» **Directions for this task**: Using the material below, repeat exactly the lines from the one with "On the side" through the one with "And I can see", ends included, without any images.

» **Supplied entries**:
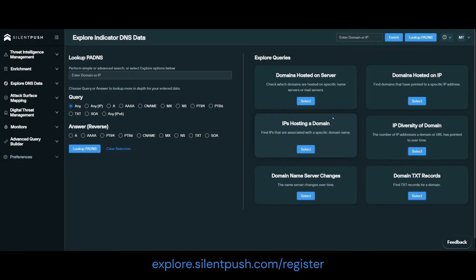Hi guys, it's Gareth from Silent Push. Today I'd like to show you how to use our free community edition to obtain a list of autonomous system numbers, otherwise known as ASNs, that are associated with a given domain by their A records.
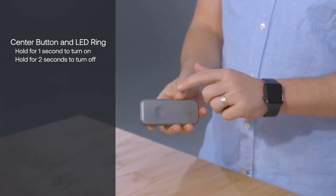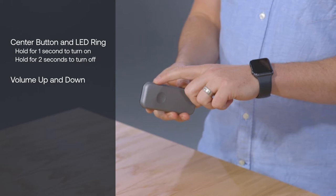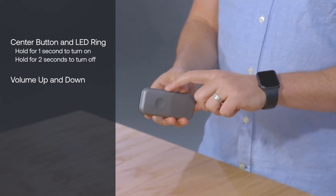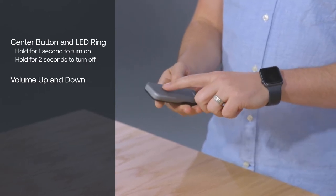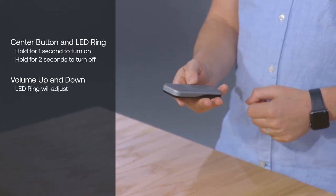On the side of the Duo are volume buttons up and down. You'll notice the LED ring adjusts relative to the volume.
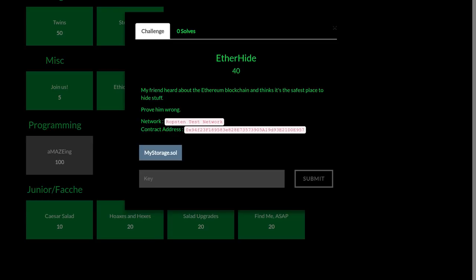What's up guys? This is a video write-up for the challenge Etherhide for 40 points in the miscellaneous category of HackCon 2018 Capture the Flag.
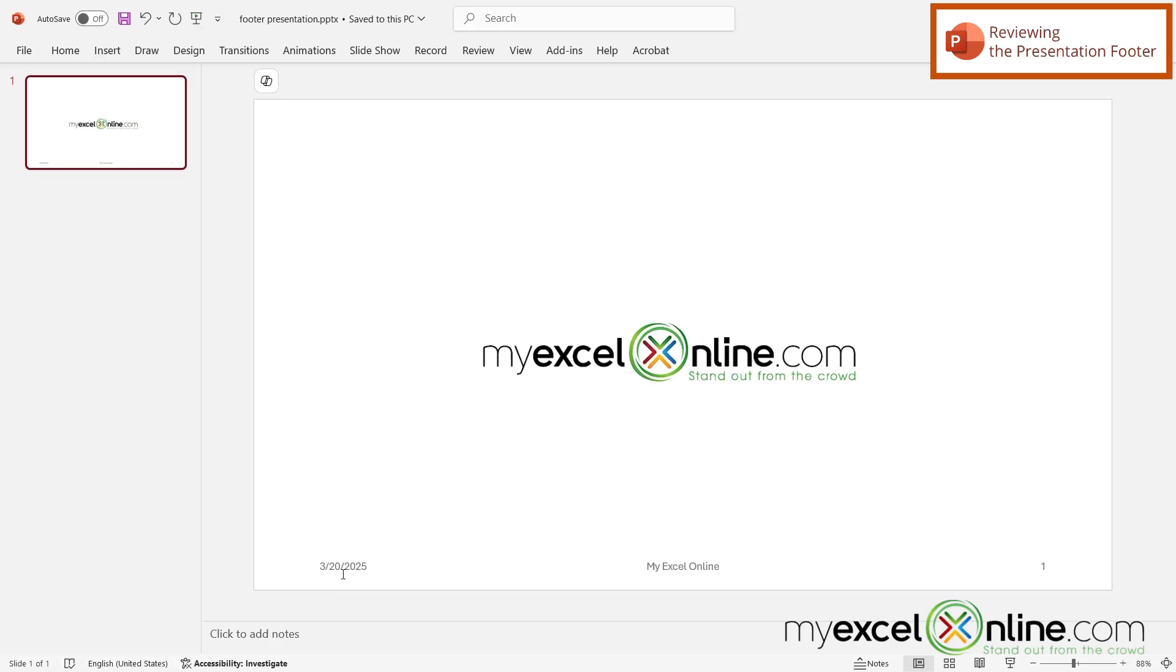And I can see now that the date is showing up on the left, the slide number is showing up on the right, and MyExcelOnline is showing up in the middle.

...

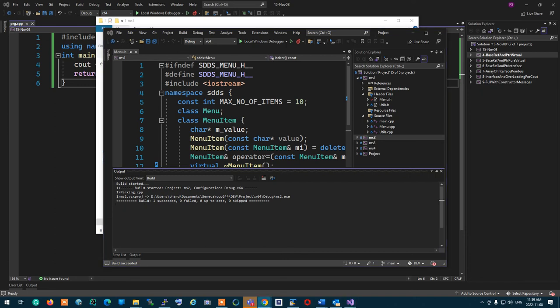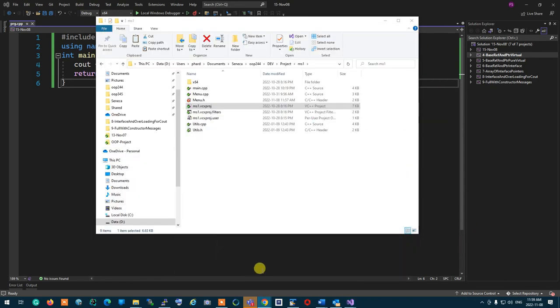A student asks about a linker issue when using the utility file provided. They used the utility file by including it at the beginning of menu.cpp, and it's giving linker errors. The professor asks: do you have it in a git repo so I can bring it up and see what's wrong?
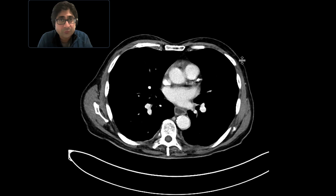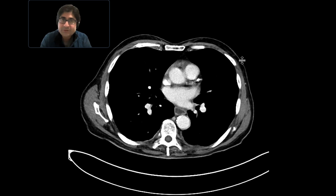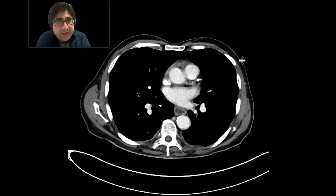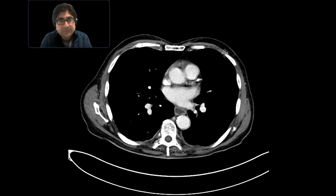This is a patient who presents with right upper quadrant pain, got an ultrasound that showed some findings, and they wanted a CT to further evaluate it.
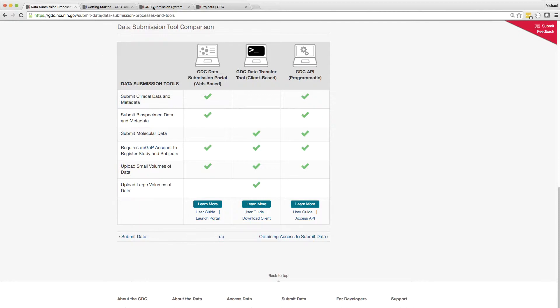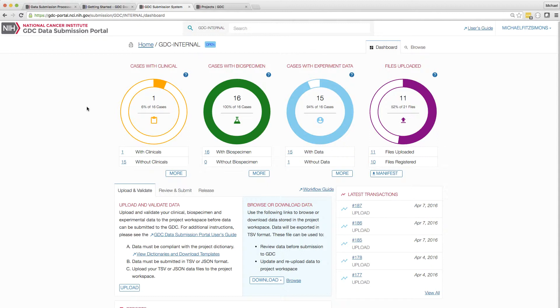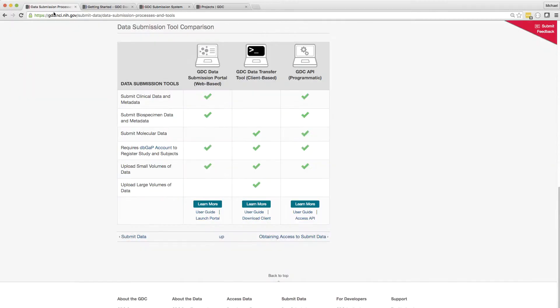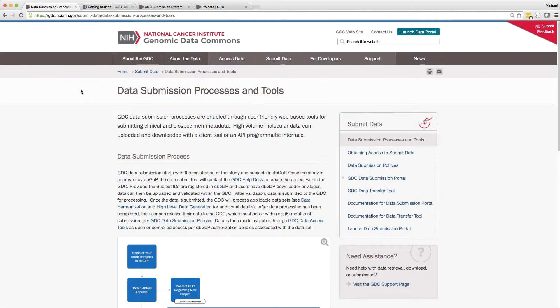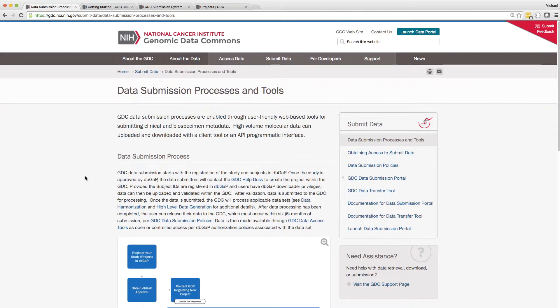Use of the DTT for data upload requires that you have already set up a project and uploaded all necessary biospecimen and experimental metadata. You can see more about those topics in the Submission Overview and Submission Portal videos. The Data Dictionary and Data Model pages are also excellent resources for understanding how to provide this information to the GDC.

» **Exercise solution**:
On the side of the Duo are volume buttons up and down. You'll notice the LED ring adjusts relative to the volume.
What's up guys? This is a video write-up for the challenge Etherhide for 40 points in the miscellaneous category of HackCon 2018 Capture the Flag.
And I can see now that the date is showing up on the left, the slide number is showing up on the right, and MyExcelOnline is showing up in the middle.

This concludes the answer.